The poetry of pull requests

In How to rebase safely for profit and pleasure I looked at various techniques to help address some of the difficulties you may encounter when rebasing a set of changes. Crucially what I didn’t talk about was why you might want to rebase a set of changes in the first place or what a great end result might look like.

First of all, the why

Developers often talk about “being in the zone”. Certainly it’s the case that some complicated problems require you to get into the right mindset and build a good mental model of the problem in order to be able to solve them effectively. This mindset is very different from the mindset that is needed to write good commit messages which for reasons we will discuss later should be focused on the narrative and less on the technical.

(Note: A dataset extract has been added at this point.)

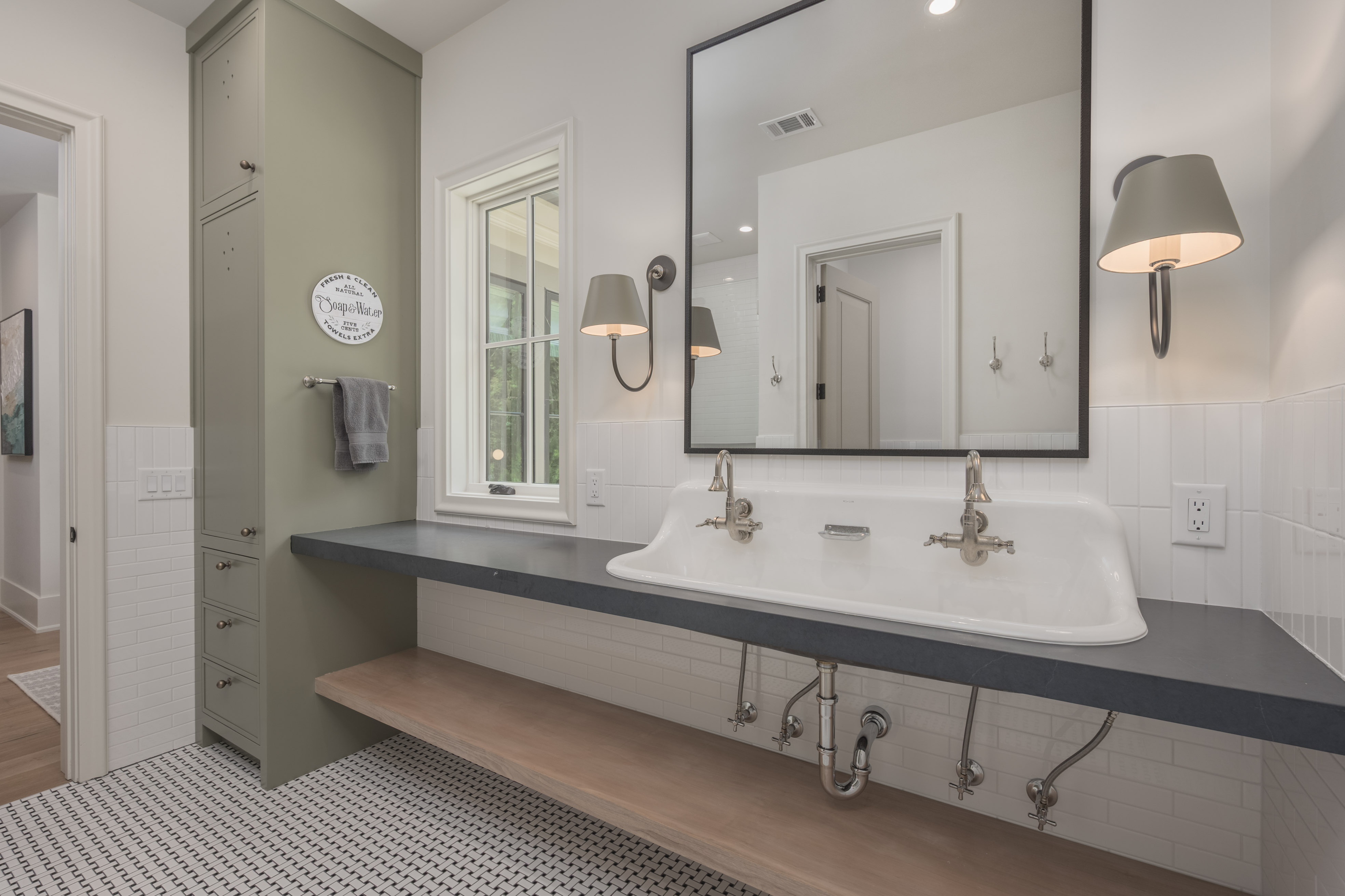 1207 Boulderfield Drive image 57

At the same time waiting until we have finished a job in its entirety so that we can take our code-wrangling hat off and put on our commit message writing hat is also problematic. We can end up in the undesirable situation where we have a working tree littered with updated, created and deleted files and it’s hard to pick apart the steps we’ve taken to get to the end result. Sometimes it is not even possible because a file has gone through several iterations of changes to get to the end result. We end up with a single massive commit, perhaps encompassing several smaller tasks, because it is too difficult to pick everything apart now that we have done it. This sucks for anyone who has to review your code and it sucks for you in 2 years time when you come across the commit in a git blame and have to decipher the mess again to understand why you made the changes you did.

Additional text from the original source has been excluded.